• Exercise objective: All lines from the one bearing "Силиконовый чехол Original" through the end of the data below must be printed exactly as they stand, with pictures removed.

(Captioned web image data)
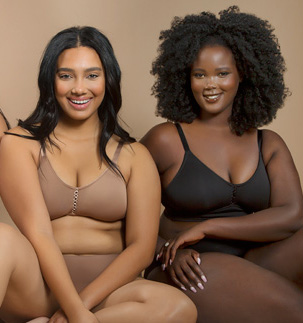 What s Nude Parfait Curvy Bralettes in Extended Skin Tones AW21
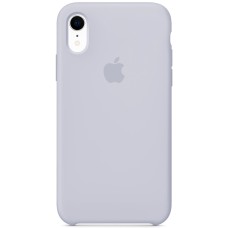 Силиконовый чехол Original Case Apple iPhone XR (34) Lavender Gray
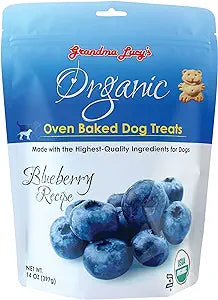 Grandma Lucy's Organic Blueberry Dog Treats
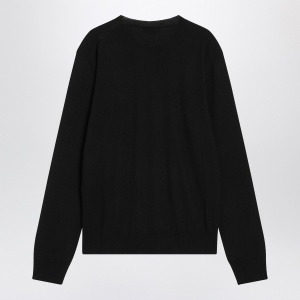 Alexander McQueen Sweater black in wool - Img 2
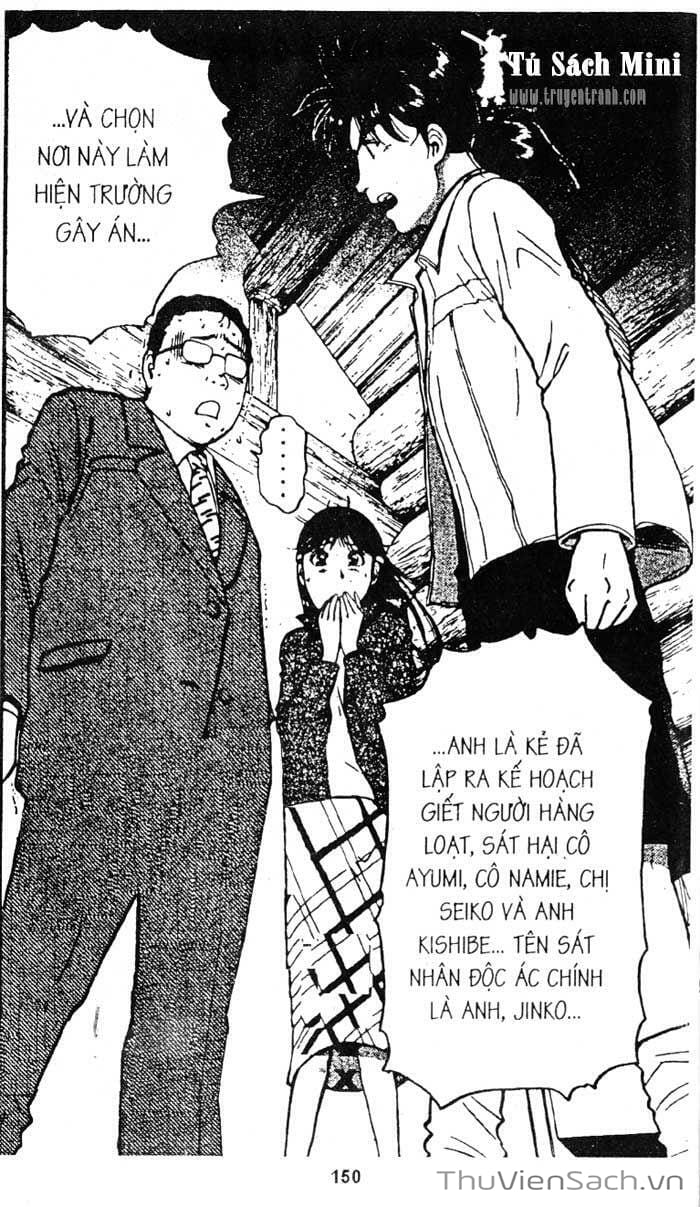 Truyện Tranh Thám Tử Kindaichi trang 4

• Answer section:
 Силиконовый чехол Original Case Apple iPhone XR (34) Lavender Gray
 Grandma Lucy's Organic Blueberry Dog Treats
 Alexander McQueen Sweater black in wool - Img 2
 Truyện Tranh Thám Tử Kindaichi trang 4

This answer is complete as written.